_DIRECTIONS FOR THIS TASK:_ An exact reproduction of the lines below, from the first through the one with "The Barley Mow", is the whole answer; pictures have no place in it.

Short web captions
--- --- ---

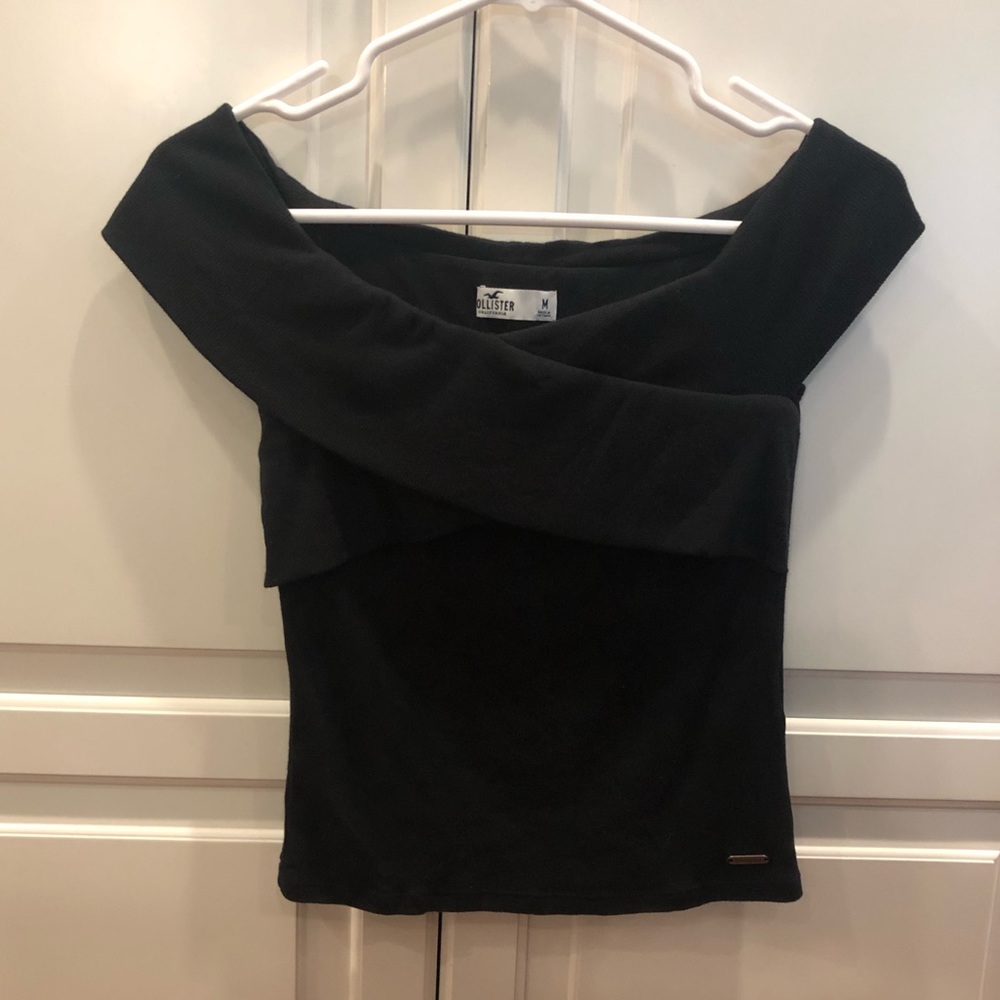 Hollister Black Crop Sweater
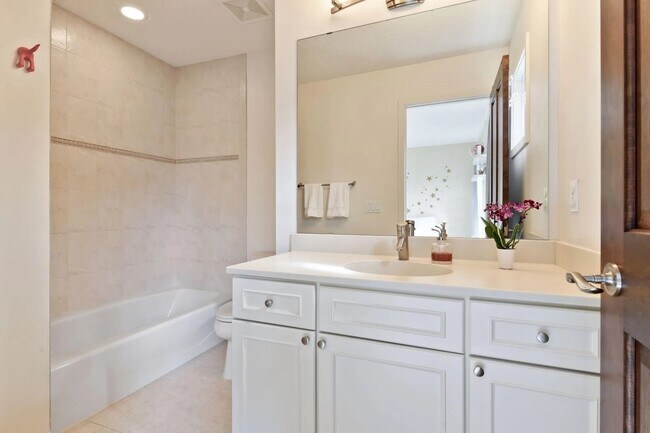 Building Photo - 6484 Ivy Way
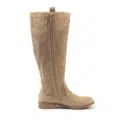 Les bottes mollet larges Colette XL Gabylou en beige présentent un design perforé, une fermeture éclair latérale et un talon bas. Mode Grande taille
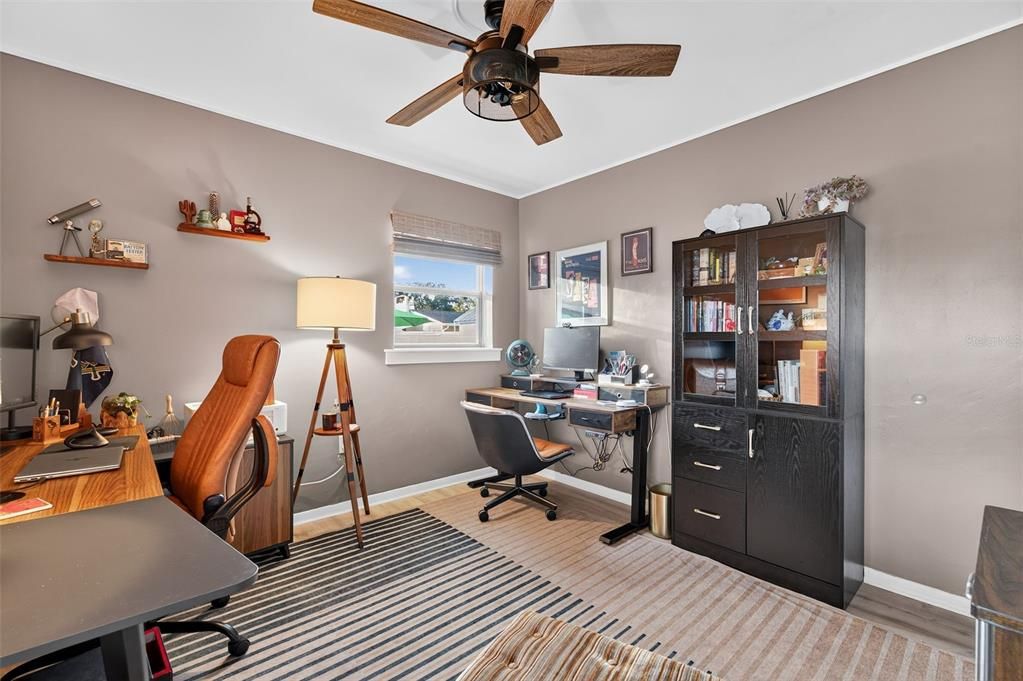 待售: $499,000 (3 贝兹, 1 浴室, 1090 平方英尺)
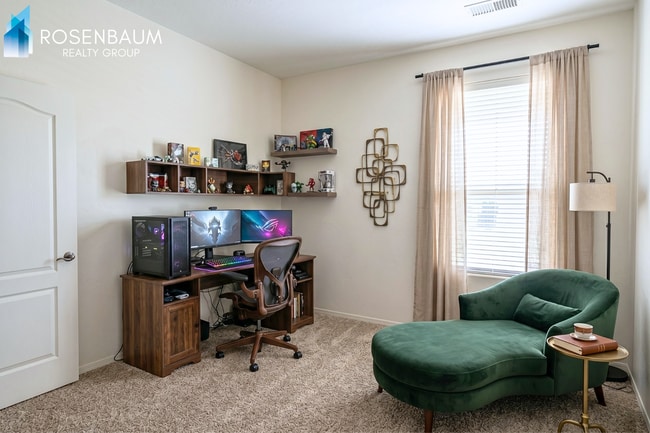 Building Photo - Beautiful 3-bedrooms, 2-baths home in the Stoneridge community!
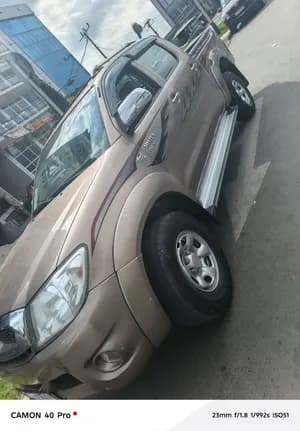 Toyota Hilux Double Cab 2010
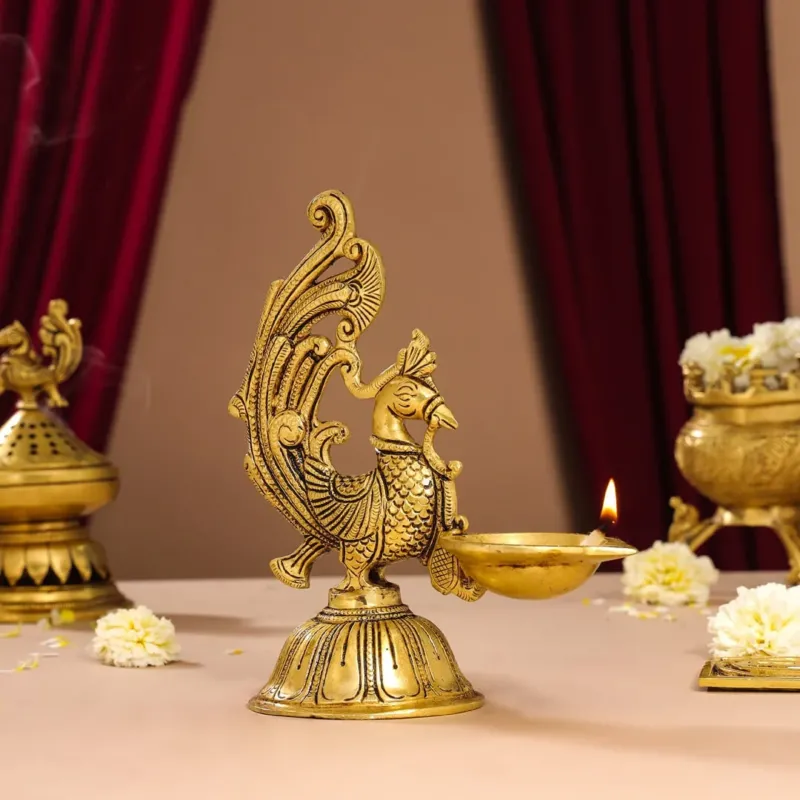 Brass Peacock Anna lamp (8 inch)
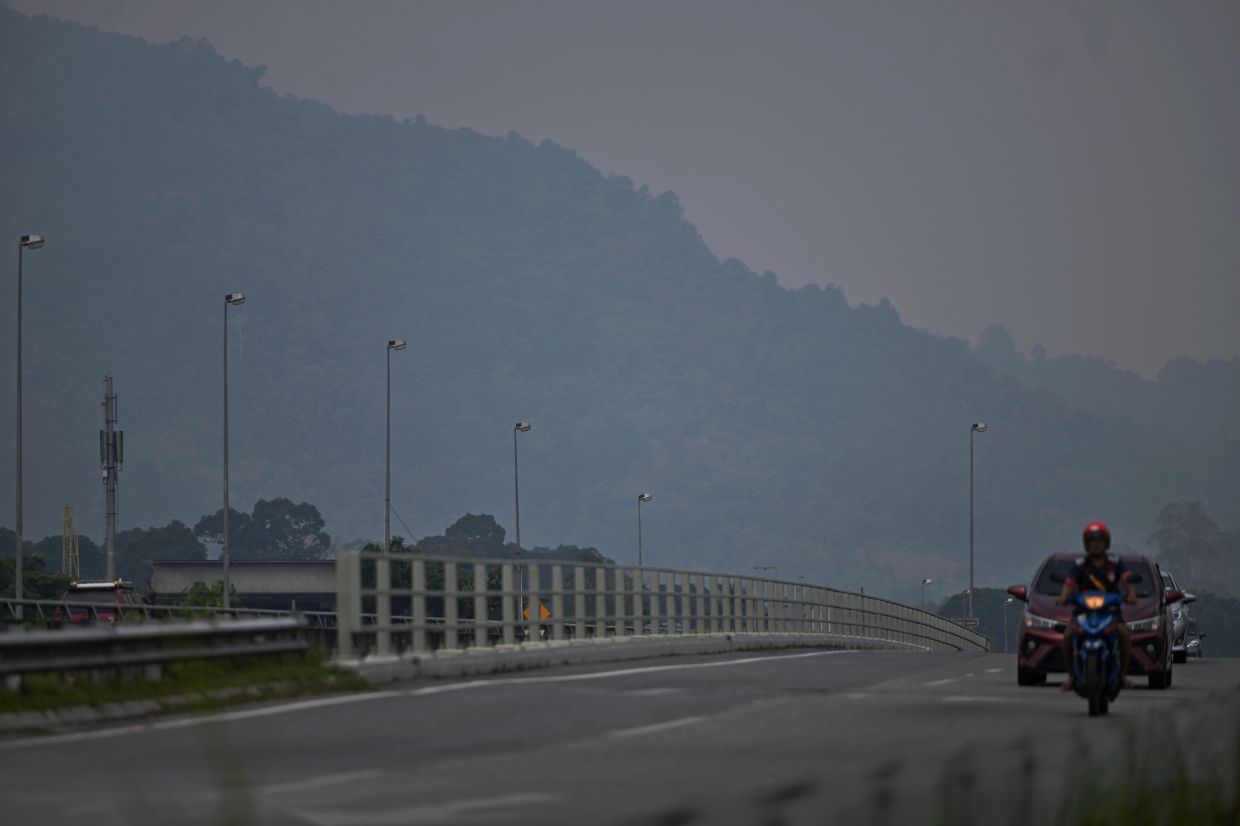 Serian schools stay shut through weekend despite API dropping below 200; Serian records Sarawak's highest reading at 182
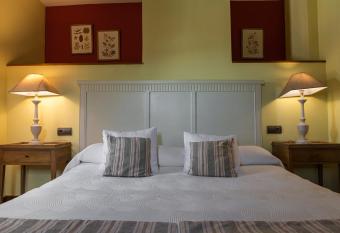 EL DUENDE DEL CHAFARIL has Balcony rooms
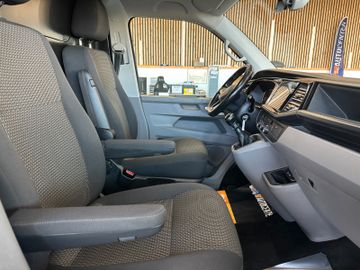 MYAUTOCENTER – Gebraucht- und Jahreswagen mit Werkstattservice in Pfaffenhofen Volkswagen T6.1 Transporter Kasten 4MOTION *1. Hand*AHK*LED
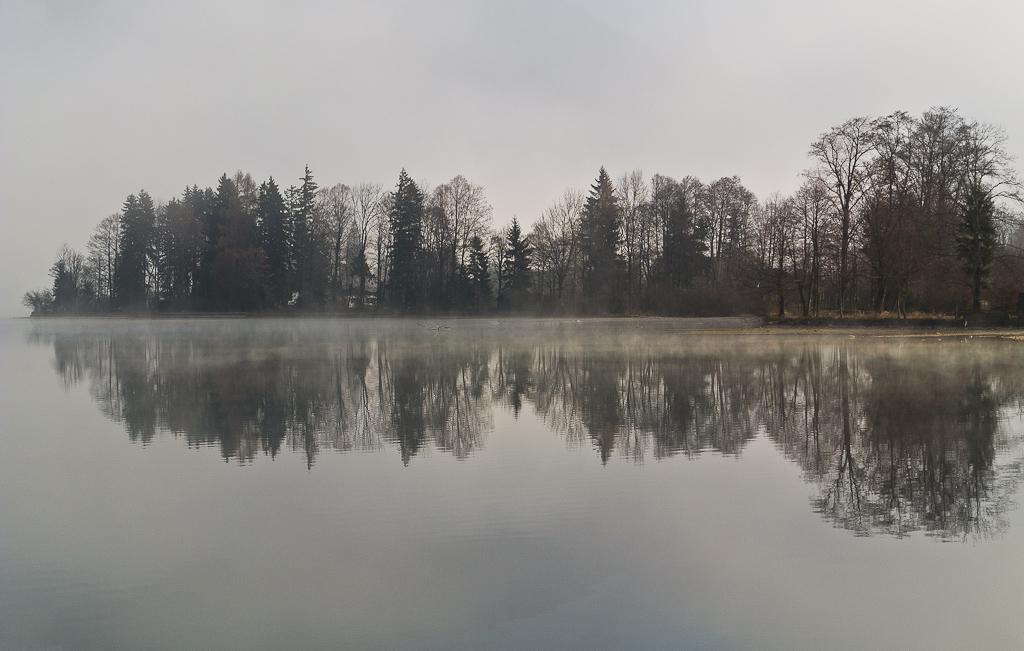 Spiegelung bei Nebel
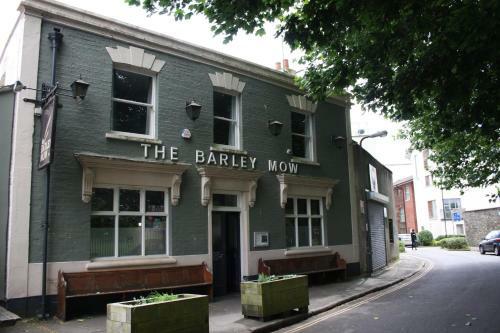The Barley Mow Centrally Located 3 Bed Apartment
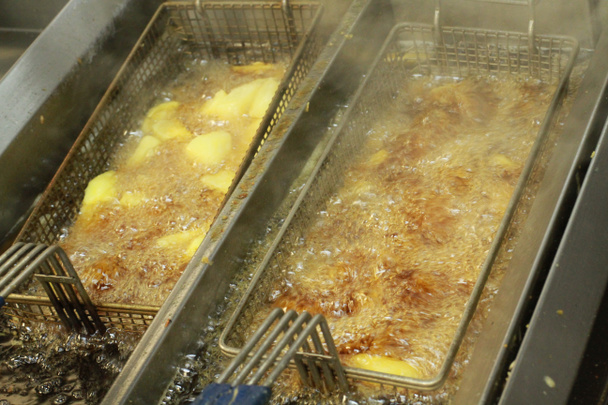 rozdrobnione ziemniaki smażenie w gorącym oleju - Zdjęcie, obraz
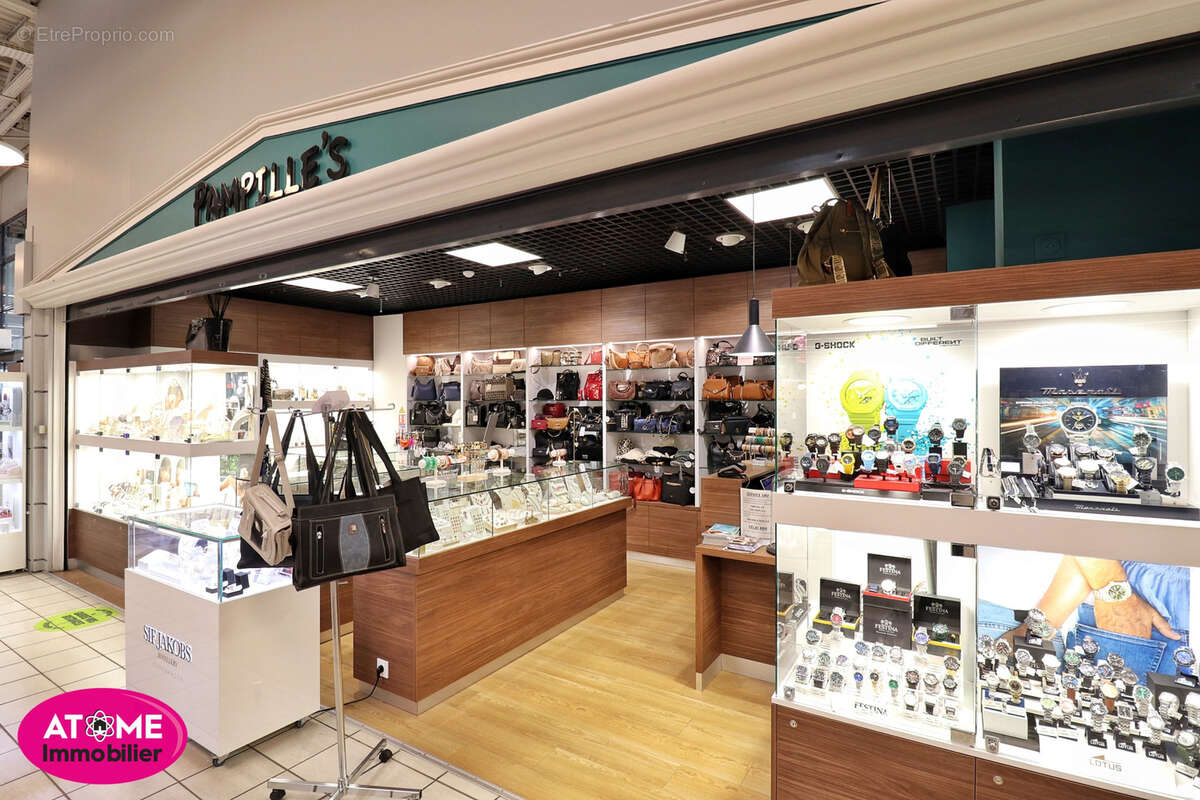 Commerce à SAINTE-MARIE-AUX-CHENES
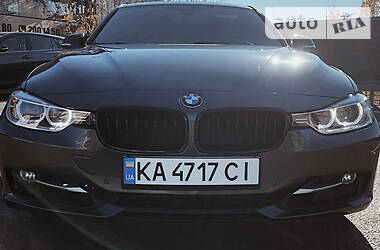 Седан BMW 335 2015 в Киеве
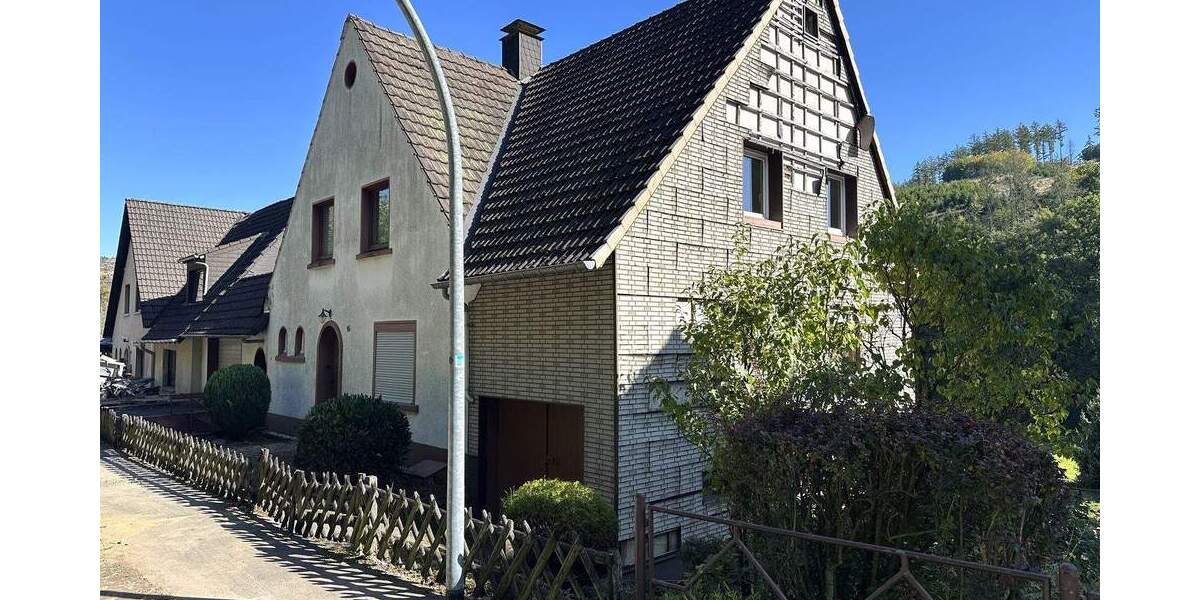 Einfamilienhaus Halver Carthausen - 6 Zimmer, 122 m&sup2;, 164.700&euro; | Angebot:25687148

--- --- ---

_ANSWER FOR THIS EXERCISE:_
 Hollister Black Crop Sweater
 Building Photo - 6484 Ivy Way
 Les bottes mollet larges Colette XL Gabylou en beige présentent un design perforé, une fermeture éclair latérale et un talon bas. Mode Grande taille
 待售: $499,000 (3 贝兹, 1 浴室, 1090 平方英尺)
 Building Photo - Beautiful 3-bedrooms, 2-baths home in the Stoneridge community!
 Toyota Hilux Double Cab 2010
 Brass Peacock Anna lamp (8 inch)
 Serian schools stay shut through weekend despite API dropping below 200; Serian records Sarawak's highest reading at 182
 EL DUENDE DEL CHAFARIL has Balcony rooms
 MYAUTOCENTER – Gebraucht- und Jahreswagen mit Werkstattservice in Pfaffenhofen Volkswagen T6.1 Transporter Kasten 4MOTION *1. Hand*AHK*LED
 Spiegelung bei Nebel
The Barley Mow Centrally Located 3 Bed Apartment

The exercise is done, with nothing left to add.